1. you're specifically asked to use it solve a quadratic equation ax²+bx+ac=0
2. you need to express a quadratic function y=ax²+bx+ac into a graph of the form: y = ±(x−p)²+q

Though the two cases look similar to the untrained eye, the perennial sin of treating the equation ax²+bx+ac=0 and the function y=ax²+bx+ac as the same thing has brought many students to grief (and blood-soaked test papers), especially after they anyhow bring terms left and right of the = sign when dealing with a function.

Obviously we're dealing with the second instant here as we need to find a, b and c in order to save Miss Loi's eyebrow, and we'll now attempt to dissect Ron's late night solution in a series of robust steps:

1. Step 1: Bring out coefficient of x² and put the x and x² terms inside brackets:

   y = −(x² − 3x) + 5

   The coefficient of x² is −1, so bringing it out will change the + 3x to − 3x inside the bracket (DUH! - yes simple algebra but then ...)

2. Step 2: + (half of x-coefficient)² − (x-coefficient)² within the brackets

   y = −(x² − 3x + (3/2)² − (3/2)²) + 5

3. Step 3: Move the new minus(−) term carefully out of the brackets, and be mindful of the need to multiply it with an constant outside the brackets.

   y = −(x² − 3x + (3/2)²) + (3/2)² + 5

   Note that the −(3/2)² has become a + (3/2)² because of the − sign outside the brackets.

   Tread carefully here, for this is careless mistake territory.

4. Step 4: Transform everything inside the brackets into a square term. Whatever constant that's outside the brackets, STAYS outside the brackets.

   y = −(x − (3/2))² + (3/2)² + 5

   Note that its (x − (3/2))² NOT (x + (3/2))² because of the negative − 3x within the brackets.

   You're deep, deep into careless mistakes territory now ...

5. Step 5: Sum up the constant terms outside the brackets to obtain the final expression y = ±(x−p)²+q, where (p, q) are the coordinates of the:

   • Min. point if (x−p)²+q (Recall the happy ∪ quadratic curve)
   • Max. point if −(x−p)²+q (Recall the sad ∩ quadratic curve )

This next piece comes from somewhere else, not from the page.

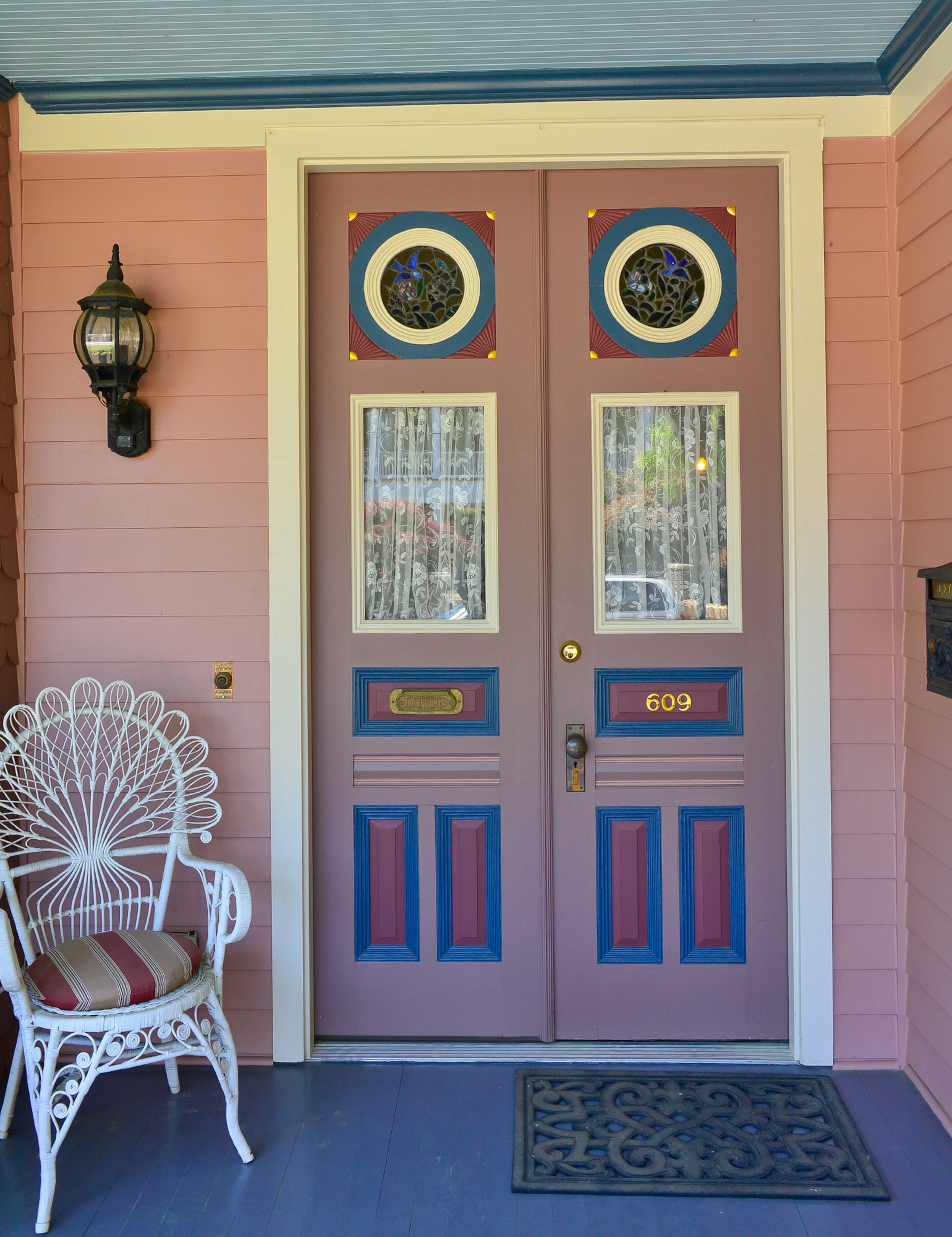 The front door, from Lakewood 400 Antiques Market in Cumming, is painted with a color scheme created specifically for the home. The home has been used as the setting for a few TV shows and movies.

   y = −(x − (3/2))² + 7.25

Miss Loi's eyebrow - fierce isn't it?

And so from our final expression above, the maximum (since there's a -ve sign outside the brackets) point of the graph is (3/2, 7.25)
⇒ c = 7.25
⇒ b = 3/2 = 1.5
To find the y-intercept a, simply equate x to 0 to get a=5.

N.B. Performing the 5 steps above is completely safe whether you're completing the square for a function or an equation, as there's no moving of terms left and right of the = sign.

Is this enough to tide you over miss loi?
cuts y-axis at y = 5, arch at x = 1.5, max value of y is at y=7.25.